La literatura nos suele acercar al futuro, la voz de algunos autores actúa proféticamente y nos enfrenta a la realidad contingente como si se tratara de un sueño premonitorio.

En su célebre novela “1984”, George Orwell describe una sociedad donde no solo se controla lo que la gente hace, sino también lo que piensa. El “Gran Hermano” no se conforma con la obediencia externa; exige la adhesión interna. El lenguaje es manipulado para impedir el pensamiento independiente, la sospecha se instala incluso en la intimidad de las creencias. ¿La meta?: Que todos piensen igual.

Aunque hoy no vivimos en una distopía totalitaria, hay señales preocupantes. En nombre del bien, de lo correcto, de lo moralmente aceptable, se va cerrando el margen para disentir. Se cancelan voces, se estigmatizan opiniones, se presiona para adherir públicamente a ciertas ideas, aunque en privado se piense distinto. El miedo al juicio social reemplaza a la argumentación. El consenso forzado sustituye al verdadero diálogo.

Vivimos tiempos en que el consenso ha sido elevado a la categoría de dogma. Se espera que toda decisión política relevante sea el fruto de un acuerdo transversal, amplio, casi unánime. Como si la democracia, para ser legítima, debiera evitar cualquier tipo de conflicto. Pero no es así. La democracia también es tensión, confrontación de ideas, y a veces, decisiones difíciles sin el beneplácito de todos.

La creencia de que toda medida relevante debe ser consensuada ha paralizado a más de un gobierno. Temerosos de parecer autoritarios, muchos líderes han optado por la inacción, dejando en suspenso reformas urgentes porque “aún no hay acuerdo”. Y mientras los políticos negocian, los problemas reales —inseguridad, vivienda, educación, crisis sanitaria— siguen su curso como un cuento sin final.

El consenso es valioso, nadie podría desconocerlo. Permite estabilidad, legitimidad, reduce los costos sociales del conflicto. Pero no es un fin en sí mismo. Es una herramienta, y como tal, sirve en ciertas circunstancias y en otras no. En temas estructurales, donde las visiones de mundo son irreconciliables, esperar el consenso puede significar simplemente no hacer nada.
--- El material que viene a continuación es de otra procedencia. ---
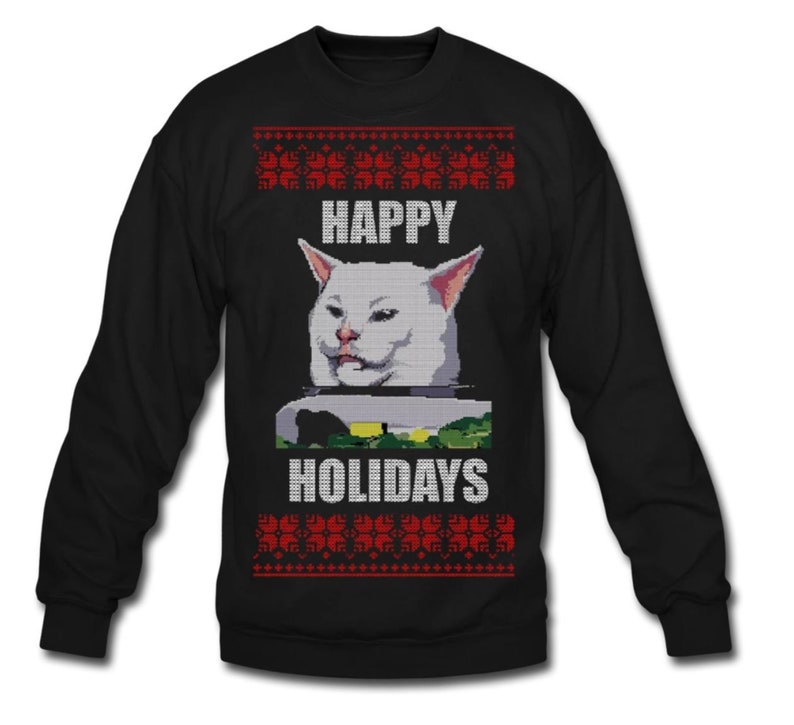 Yelling at Cat Meme Couples Sweatshirt Design Two Sweatshirts image 3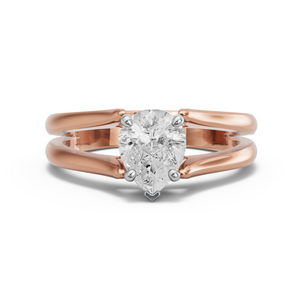Image for Pear Surprise diamond Ring with Split Ring Solitaire band in 18K Two Tone Rose Gold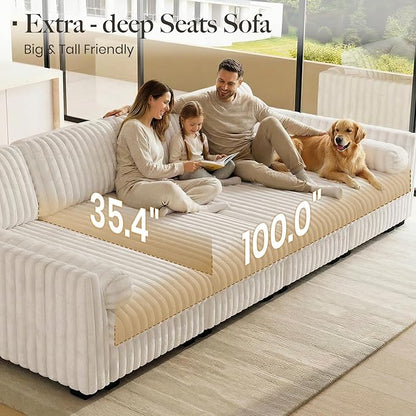 Belffin Plush Corduory Sectional Sleeper Sofa - Image 7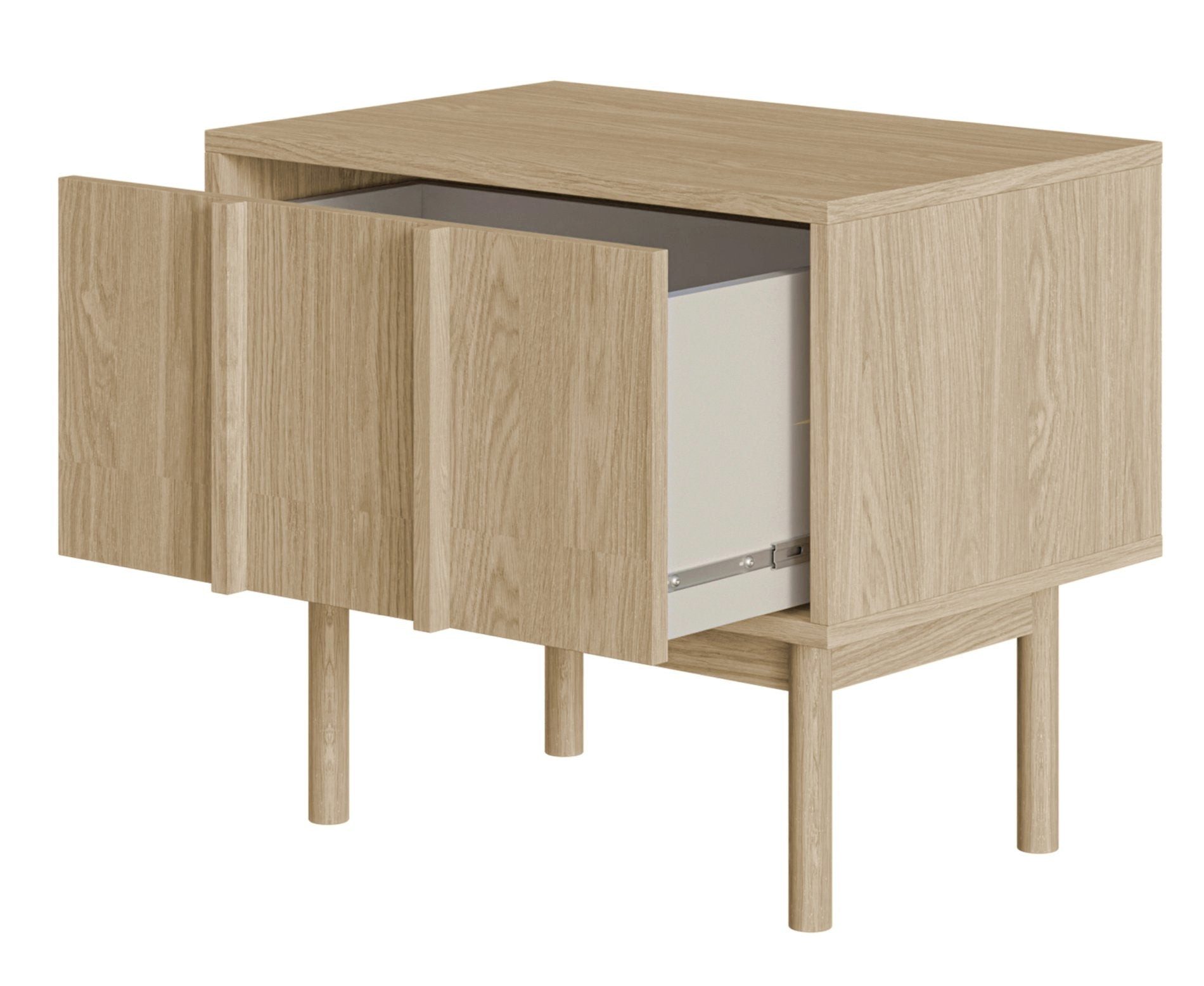 Selsey Nachttisch NEKSTO, mit Schublade und runden Holzbeinen, 58 cm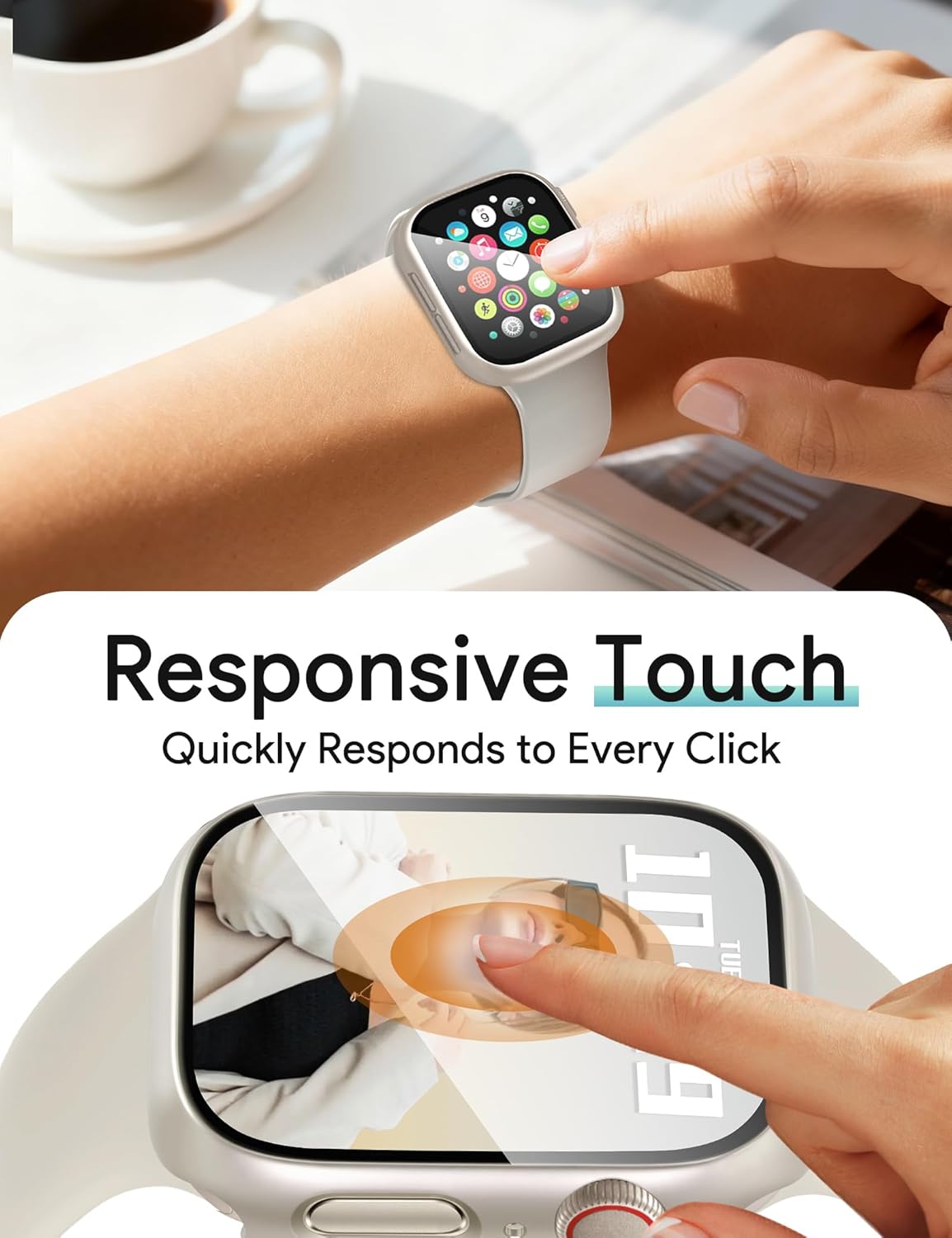 JR.DM 40mm 2 Pack Hard PC Case with HD Tempered Glass Screen Protector for Apple Watch Series 6/5/4/SE/SE2/SE3, Guard Bumper Full Protective Anti-Scratch Face Cover for iWatch, Starlight+ Clear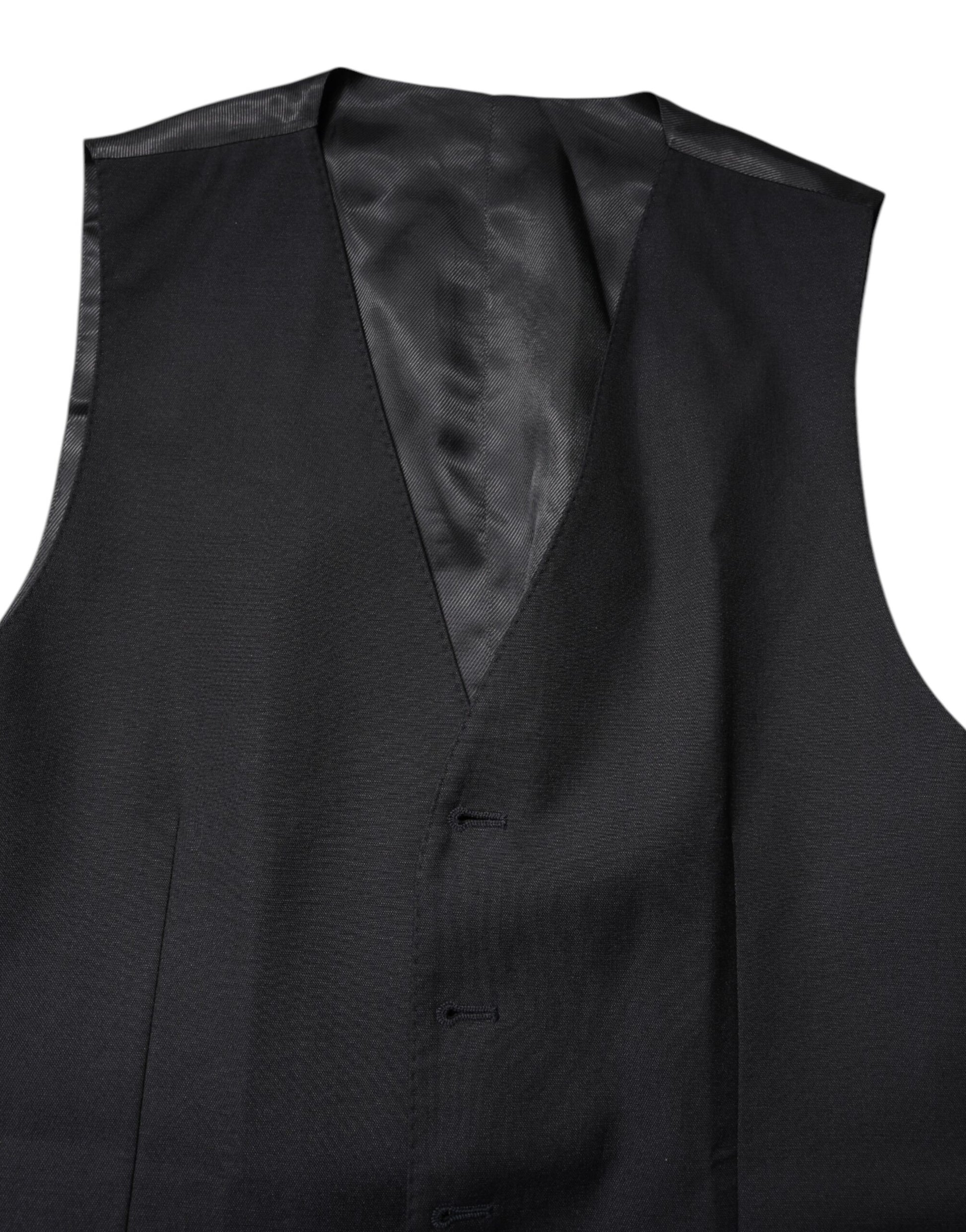 Dolce & Gabbana Black Wool Waistcoat Dress Formal Vest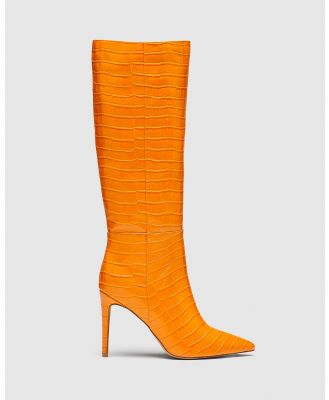 Therapy - Icon Knee High Boots - Knee-High Boots (Tangerine Croc) Icon Knee High Boots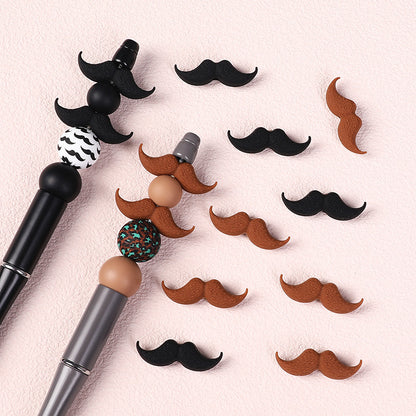 Brown and black mustache silicone focal bead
La paradoja es evidente: sociedades que se proclaman abiertas y democráticas terminan promoviendo un pensamiento único disfrazado de progreso. No se busca comprender al otro, sino reeducarlo. No se toleran diferencias, se patologizan. El resultado es un ciudadano temeroso, adaptado, silencioso.

Pensar distinto no es una amenaza para la democracia, es su condición esencial. Necesitamos volver a valorar la disidencia, la ironía, la crítica incómoda. No todo puede reducirse a lo políticamente correcto ni a lo emocionalmente tolerable. La libertad es también el derecho a equivocarse, a incomodar, a proponer caminos distintos.

Como olvidar los tiempos del presidente Aylwin y su política de los acuerdos, tan tibia, tan decé, replicada luego por Piñera, aunque desde una trinchera ideológica distinta, utilizada como coartada retórica para contener el cambio desde una posición de poder, para poder completar su período de gobierno, para ser más concretos.

Olvidaron esos mandatarios que los gobiernos democráticos tienen un mandato: gobernar. Eso incluye decidir. Y decidir implica, a veces, enfrentar resistencias, defender una visión de país, y asumir costos. La voluntad de las mayorías —expresada en elecciones libres— no puede quedar supeditada eternamente al veto de las minorías o a la exigencia de unanimidades imposibles. No todo se puede consensuar. Hay principios que deben ser afirmados sin ambigüedad: la defensa del estado de derecho, la igualdad ante la ley, el derecho a la seguridad.

La democracia requiere coraje. El coraje de dialogar, sí. Pero también el coraje de decidir. El de avanzar, incluso cuando el consenso no llega. La verdadera legitimidad no está solo en la aprobación unánime, sino en la coherencia, la visión y la responsabilidad con que se actúa. La democracia no solo se alimenta de votos, sino también de diferencias. El disenso, la crítica, la libertad para disentir son sus pilares invisibles.

Por eso, cuando una sociedad empieza a valorar más la uniformidad que la diversidad de pensamiento, comienza a correr un riesgo silencioso, pero profundo: el de la obediencia colectiva, el pensamiento único, el fin del debate, como alguna vez lo imaginó Orwell, en un lejano 1949 que hoy parece tan próximo como el invierno que se avecina.